Yvonne Boyer, avocate métisse et ancienne infirmière, aujourd’hui sénatrice de l’Ontario, a souligné que la ligature des trompes menée sans le consentement d’une patiente autochtone demeurait l’une des pratiques les plus odieuses en matière de soins de santé au Canada.

Mme Boyer a été contactée par une adolescente, Liz — qui a demandé à ne pas faire publier son nom de famille afin de pouvoir parler librement de quelque chose d’aussi personnel —, en 2017, à la suite d’un article détaillant la recherche qu’elle avait produite avec la chercheuse et médecin métisse Judith Bartlett. Leur rapport expliquait comment les femmes autochtones avaient été contraintes à la ligature des trompes — dont les extrémités sont sectionnées, scellées ou brûlées pour empêcher le transport des œufs des ovaires à l’utérus — après un accouchement à Saskatoon.

À l’âge de 17 ans, Liz a été forcée par un travailleur de l’aide à l’enfance à subir un avortement et à se faire stériliser dans un hôpital du nord-ouest de l’Ontario, affirme-t-elle, une expérience qui la hante encore après 40 ans.

Elle a soutenu que le travailleur en santé lui avait signifié que même si elle refusait de se faire avorter, «de toute façon, (ils allaient) prendre (son) enfant».

Mme Boyer souhaite maintenant que le Sénat étudie l’étendue de la question à l’échelle nationale.

«Si cela s’est passé à Saskatoon, ça s’est passé aussi à Regina, à Winnipeg, où il y a une forte population de femmes autochtones», a fait valoir Mme Boyer en entrevue. «Beaucoup de femmes à travers le pays m’ont contactée et m’ont demandé de l’aide.»

Certaines femmes autochtones interviewées pour le rapport se sont également senties poussées à signer les formulaires de consentement pour les procédures alors qu’elles étaient en travail actif ou sur une table d’opération, a dit Mme Boyer, soulignant qu’une action collective contre l’agence régionale de la santé de Saskatoon avait été lancée en 2017 par deux des femmes touchées.

Chacune réclamait 7 millions $ de dommages et intérêts. Aujourd’hui, environ 60 femmes font partie de l’action collective, a-t-elle indiqué.

Alisa Lombard, une associée de Maurice Law — une firme orchestrant l’action collective —, a souligné que des femmes de l’extérieur de la région de Saskatoon avaient également déclaré avoir été stérilisées sans leur consentement éclairé et approprié.

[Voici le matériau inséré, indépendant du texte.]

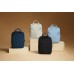 Рюкзак XD Design Soft Tote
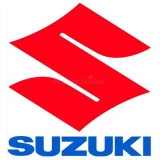 Pintura Coche Color SUZUKI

Elle dit avoir eu des informations d’autres femmes autochtones en Saskatchewan, de même qu’au Manitoba, en Ontario et en Alberta.

L’étude et certains dossiers montrent que la pratique était répandue dans les Territoires du Nord-Ouest et au Nunavut, a-t-elle ajouté.

Mme Lombard a indiqué que son bureau soulèvera le problème des stérilisations forcées de femmes autochtones devant le Comité des Nations unies contre la torture ce mois-ci.

Selon la ministre des Services aux Autochtones, Jane Philpott, le Canada doit veiller à ce que la pratique cesse, avec des politiques, de l’éducation et de la sensibilisation.

«La question de la stérilisation forcée de personnes vulnérables, y compris des femmes autochtones, constitue une très grave violation des droits de la personne», a-t-elle affirmé, soulignant que cette situation avait cours au Canada depuis longtemps.

La ministre a également qualifié ce qui est arrivé à Liz d’«absolument effroyable et répréhensible».